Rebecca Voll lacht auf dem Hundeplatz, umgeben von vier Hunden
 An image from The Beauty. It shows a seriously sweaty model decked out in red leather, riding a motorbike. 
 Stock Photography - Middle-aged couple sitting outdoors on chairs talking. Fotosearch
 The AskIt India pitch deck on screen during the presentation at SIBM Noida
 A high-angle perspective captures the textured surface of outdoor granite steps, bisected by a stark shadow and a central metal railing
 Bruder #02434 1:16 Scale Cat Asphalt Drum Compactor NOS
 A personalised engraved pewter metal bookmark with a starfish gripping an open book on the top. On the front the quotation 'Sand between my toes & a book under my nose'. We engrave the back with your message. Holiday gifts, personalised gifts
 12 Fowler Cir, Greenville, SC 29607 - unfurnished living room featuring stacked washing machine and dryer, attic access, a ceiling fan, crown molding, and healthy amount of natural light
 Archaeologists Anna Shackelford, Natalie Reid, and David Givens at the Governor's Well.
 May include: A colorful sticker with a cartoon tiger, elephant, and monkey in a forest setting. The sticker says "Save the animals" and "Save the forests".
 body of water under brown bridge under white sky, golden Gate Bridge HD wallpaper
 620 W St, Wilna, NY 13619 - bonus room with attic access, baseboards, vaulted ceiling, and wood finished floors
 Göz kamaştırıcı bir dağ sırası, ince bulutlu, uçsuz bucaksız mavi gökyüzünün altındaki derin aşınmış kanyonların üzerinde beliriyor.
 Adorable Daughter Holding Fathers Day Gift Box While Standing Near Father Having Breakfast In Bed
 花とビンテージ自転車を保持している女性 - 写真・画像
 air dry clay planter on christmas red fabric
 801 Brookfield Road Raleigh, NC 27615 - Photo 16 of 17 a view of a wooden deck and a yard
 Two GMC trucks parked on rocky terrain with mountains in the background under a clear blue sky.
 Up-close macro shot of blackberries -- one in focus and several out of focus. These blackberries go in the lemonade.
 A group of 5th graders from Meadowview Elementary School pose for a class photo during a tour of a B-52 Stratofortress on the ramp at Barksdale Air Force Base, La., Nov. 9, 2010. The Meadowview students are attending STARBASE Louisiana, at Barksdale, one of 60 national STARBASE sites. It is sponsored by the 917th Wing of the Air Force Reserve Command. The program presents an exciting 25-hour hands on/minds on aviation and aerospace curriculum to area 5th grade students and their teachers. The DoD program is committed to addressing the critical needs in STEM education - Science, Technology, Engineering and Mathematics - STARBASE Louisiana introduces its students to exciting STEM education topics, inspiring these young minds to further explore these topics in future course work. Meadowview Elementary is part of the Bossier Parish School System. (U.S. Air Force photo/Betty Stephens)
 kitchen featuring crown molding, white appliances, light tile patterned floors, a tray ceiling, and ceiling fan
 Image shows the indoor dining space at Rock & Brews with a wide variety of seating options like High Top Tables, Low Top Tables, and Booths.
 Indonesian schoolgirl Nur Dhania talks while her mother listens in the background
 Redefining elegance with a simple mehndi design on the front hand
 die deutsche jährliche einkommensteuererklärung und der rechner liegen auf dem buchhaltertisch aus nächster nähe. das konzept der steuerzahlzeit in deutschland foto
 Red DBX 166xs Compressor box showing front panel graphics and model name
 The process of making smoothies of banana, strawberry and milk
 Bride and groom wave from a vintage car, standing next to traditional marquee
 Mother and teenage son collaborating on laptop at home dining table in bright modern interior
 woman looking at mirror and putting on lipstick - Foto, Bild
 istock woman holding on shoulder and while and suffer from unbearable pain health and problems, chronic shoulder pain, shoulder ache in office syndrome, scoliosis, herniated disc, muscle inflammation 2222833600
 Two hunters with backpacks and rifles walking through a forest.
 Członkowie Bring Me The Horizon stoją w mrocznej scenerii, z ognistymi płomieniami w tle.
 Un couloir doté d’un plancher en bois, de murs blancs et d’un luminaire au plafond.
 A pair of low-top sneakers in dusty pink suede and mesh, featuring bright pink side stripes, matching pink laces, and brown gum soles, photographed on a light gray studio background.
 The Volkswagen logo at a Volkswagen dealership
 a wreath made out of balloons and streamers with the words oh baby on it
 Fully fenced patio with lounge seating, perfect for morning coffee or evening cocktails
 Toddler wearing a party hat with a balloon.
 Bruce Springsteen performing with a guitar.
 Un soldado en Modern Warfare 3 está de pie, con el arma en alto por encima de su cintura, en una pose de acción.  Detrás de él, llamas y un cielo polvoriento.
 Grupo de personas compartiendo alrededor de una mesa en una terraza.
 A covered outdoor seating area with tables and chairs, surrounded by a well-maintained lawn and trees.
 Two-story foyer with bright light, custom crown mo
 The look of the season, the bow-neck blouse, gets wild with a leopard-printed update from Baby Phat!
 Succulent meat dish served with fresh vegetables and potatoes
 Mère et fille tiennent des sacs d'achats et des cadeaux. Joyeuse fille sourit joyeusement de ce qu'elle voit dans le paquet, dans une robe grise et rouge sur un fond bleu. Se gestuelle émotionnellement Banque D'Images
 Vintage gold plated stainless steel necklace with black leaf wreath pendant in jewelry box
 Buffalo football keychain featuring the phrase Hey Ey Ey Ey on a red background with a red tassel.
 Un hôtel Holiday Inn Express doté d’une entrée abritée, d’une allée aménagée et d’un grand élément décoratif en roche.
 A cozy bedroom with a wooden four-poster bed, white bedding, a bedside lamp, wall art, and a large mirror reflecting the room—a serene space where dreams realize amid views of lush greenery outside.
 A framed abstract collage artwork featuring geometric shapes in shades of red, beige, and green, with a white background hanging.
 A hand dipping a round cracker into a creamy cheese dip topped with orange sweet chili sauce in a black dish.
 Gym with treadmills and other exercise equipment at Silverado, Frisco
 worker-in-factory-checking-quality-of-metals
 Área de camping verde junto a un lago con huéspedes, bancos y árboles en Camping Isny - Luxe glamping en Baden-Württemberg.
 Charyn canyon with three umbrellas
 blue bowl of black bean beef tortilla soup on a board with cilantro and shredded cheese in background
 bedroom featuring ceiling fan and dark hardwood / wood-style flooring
■ ■ ■ ■ ■
_TASK PROMPT_: Exactly as written, please reproduce the lines from the first line of the data to the line containing "air dry clay planter on christmas red fabric", inclusive, and nothing else.

_TASK SOLUTION_:
Rebecca Voll lacht auf dem Hundeplatz, umgeben von vier Hunden
 An image from The Beauty. It shows a seriously sweaty model decked out in red leather, riding a motorbike. 
 Stock Photography - Middle-aged couple sitting outdoors on chairs talking. Fotosearch
 The AskIt India pitch deck on screen during the presentation at SIBM Noida
 A high-angle perspective captures the textured surface of outdoor granite steps, bisected by a stark shadow and a central metal railing
 Bruder #02434 1:16 Scale Cat Asphalt Drum Compactor NOS
 A personalised engraved pewter metal bookmark with a starfish gripping an open book on the top. On the front the quotation 'Sand between my toes & a book under my nose'. We engrave the back with your message. Holiday gifts, personalised gifts
 12 Fowler Cir, Greenville, SC 29607 - unfurnished living room featuring stacked washing machine and dryer, attic access, a ceiling fan, crown molding, and healthy amount of natural light
 Archaeologists Anna Shackelford, Natalie Reid, and David Givens at the Governor's Well.
 May include: A colorful sticker with a cartoon tiger, elephant, and monkey in a forest setting. The sticker says "Save the animals" and "Save the forests".
 body of water under brown bridge under white sky, golden Gate Bridge HD wallpaper
 620 W St, Wilna, NY 13619 - bonus room with attic access, baseboards, vaulted ceiling, and wood finished floors
 Göz kamaştırıcı bir dağ sırası, ince bulutlu, uçsuz bucaksız mavi gökyüzünün altındaki derin aşınmış kanyonların üzerinde beliriyor.
 Adorable Daughter Holding Fathers Day Gift Box While Standing Near Father Having Breakfast In Bed
 花とビンテージ自転車を保持している女性 - 写真・画像
 air dry clay planter on christmas red fabric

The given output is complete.